Basically, the fraud at PNB went unchecked for so long—it began in 2011, remember—because there was no communication between PNB’s CBS and SWIFT operations. At least in the case of Bangladesh Bank, counterpart of India’s RBI, the fault did not lie with the system when it lost nearly a billion dollars through the fraudulent use of SWIFT code to transfer money to fictitious accounts in a third country in 2016. The crooks had managed to access the secret codes and account numbers from insiders and taken advantage of the different time zones to evade counter-checks while ordering a New York-based bank to transfer the money.
In the Nirav Modi case, it was not only the same bank, but the same Brady House branch in Fort, Mumbai, which operated the heist for years till the transfer of a key employee burst the scam. Of course, his superiors, the internal and external auditors, and the Central bank, were all sleeping on the job while the high-profile jeweller SWIFTly helped himself to hundreds of crores of taxpayers’ money.
Belatedly, the RBI has now directed banks to link their core banking computers with the SWIFT computers. Some would say it was like locking the stable door after the horses had run away, but this is better than not being able to put in place regulatory and security procedures when Harshad Mehta first stunned the world by dipping into bank funds to jack up the share markets to dizzying heights. And that was back in 1991-92.
At least, this government does not sleep on the wheel. The flawed and rotten systems as and when in the news for the wrong reasons have immediately led to corrective measures being put in place. The point: Why wasn’t the PNB directed to take stringent steps to prevent another heist when in 2011 Jatin Mehta flew away with Rs 8,000 crores? Because at that time ministers of the realm and their children themselves were engaged in helping all and sundry to dip into the bank coffers, the result of which was non-performing-assets running into lakhs of crores. Remember they enjoyed advantage strategic to line their pockets with unheard of sums in loot and plunder.

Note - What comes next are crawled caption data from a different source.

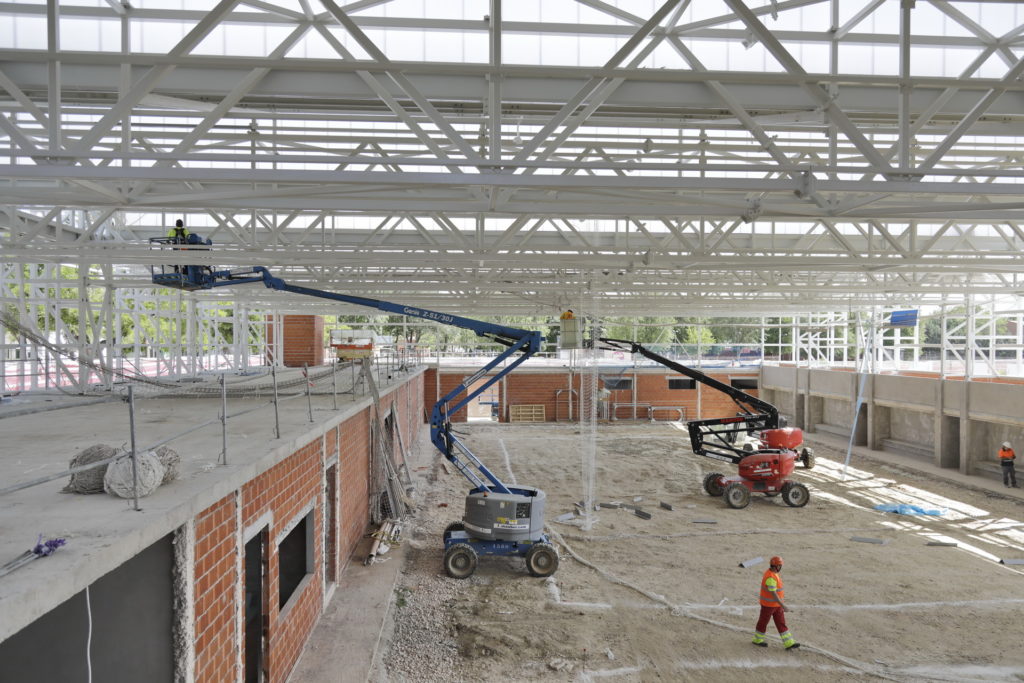 Texto Alternativo: El polideportivo de San Isidro avanza casi al 50% y comienzan las obras del aparcamiento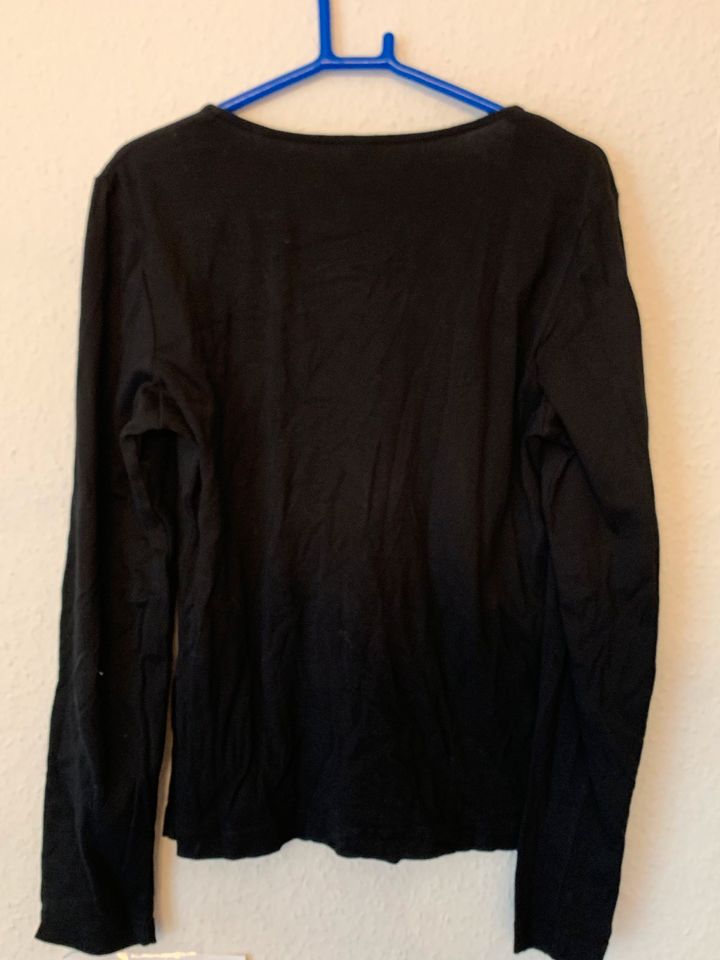 Pullover schwarz mit größerem V-Ausschnitt mit Pailletten von Esp in Haan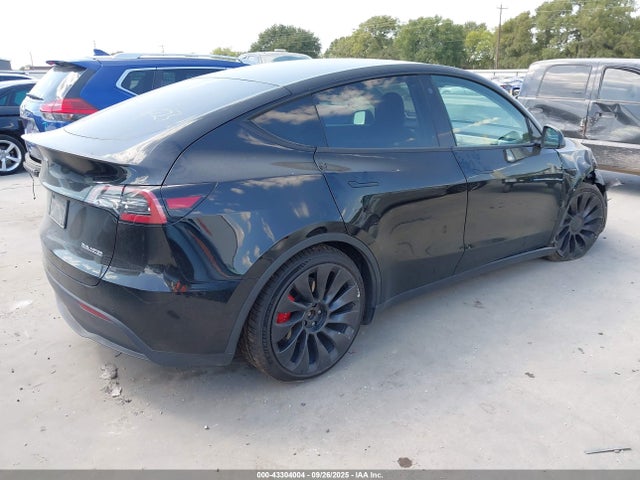 2021 TESLA MODEL Y 5YJYGDEF7MF197324 Photo 3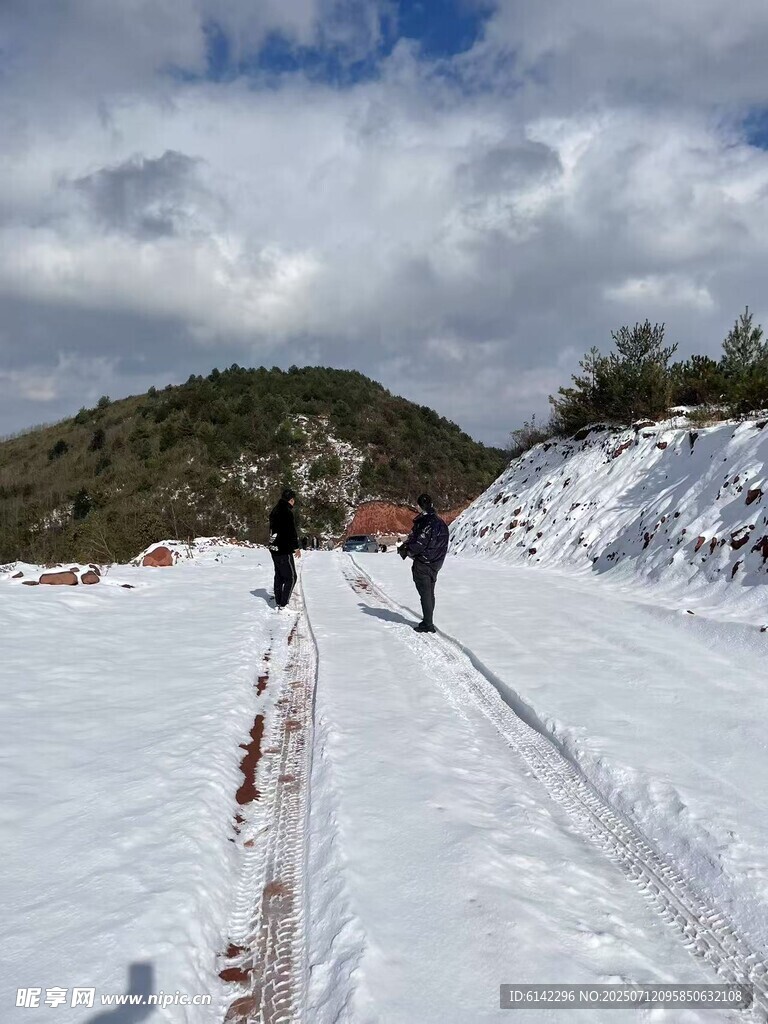 雪地徒步者的户外之旅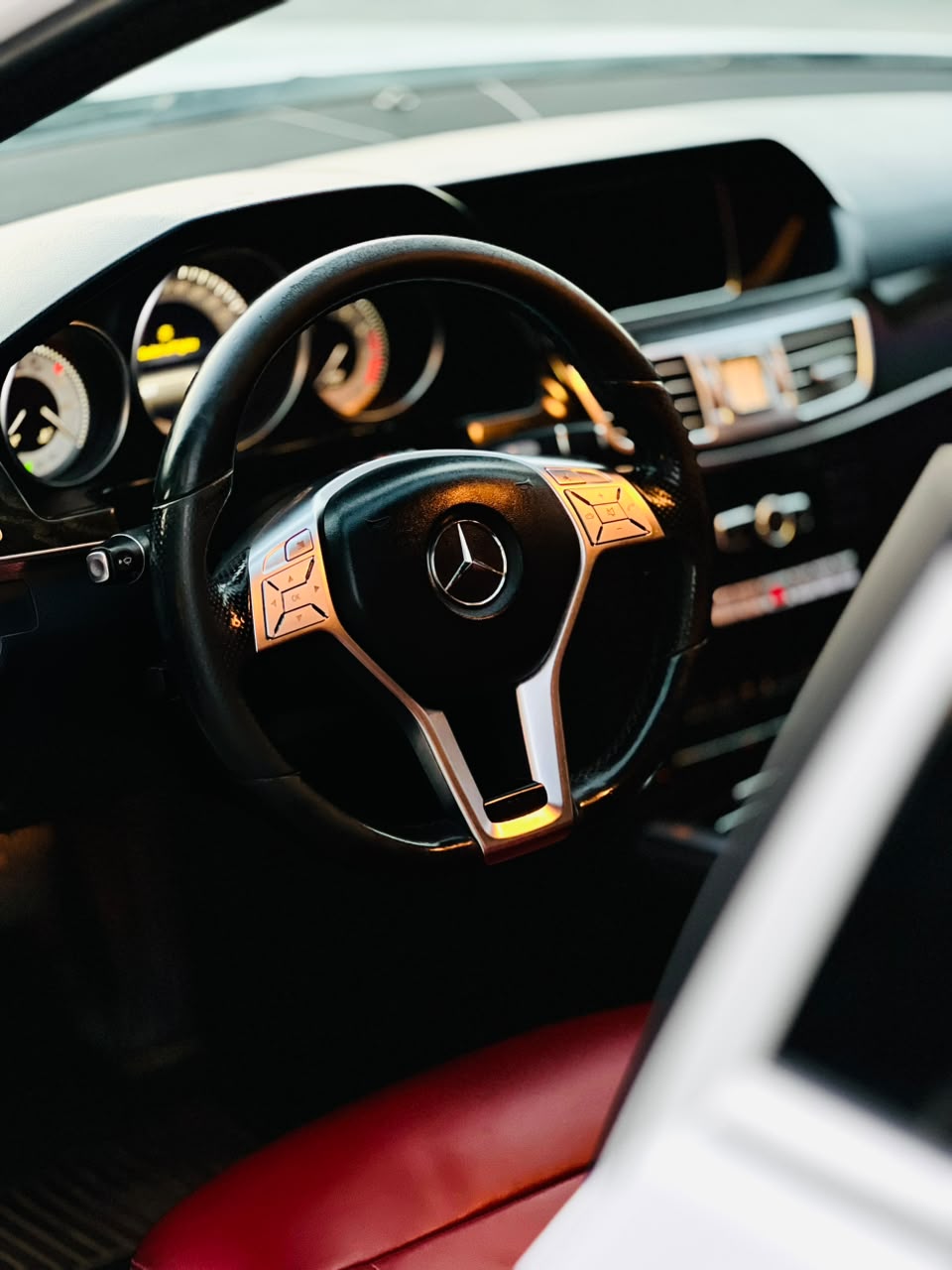 Car Image 2014 MERCEDES E Class 350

TALK OF SWEAT EQUITY, WILL YOU?
The Sunanda Pushkar death remains a mystery. As any forensic expert would tell you, it is hard to put together various jigsaw pieces in such whodunit cases once the evidence has been destroyed with or without the complicity of the police. But, no question, there was a lot that raised suspicion about Shashi Tharoor’s own conduct when his third wife was found dead in a five-star hotel when the UPA was still in power.
But our point is slightly different. In all this fuss over his death, what is completely forgotten is how Tharoor had to resign as a junior minister when it was found that his then girlfriend, and later wife, Pushkar, had helped herself to tens of crores in illicit commission through the aegis of Tharoor who had helped put together an odd-bod group of investors for buying the Kochi IPL franchise. Whether or not Tharoor personally gained a paise from the so-called sweat equity, the taint of corruption cannot be brushed aside. The intention was clear. And that is why we insist that Tharoor is a typical Congressman, no worse, no better.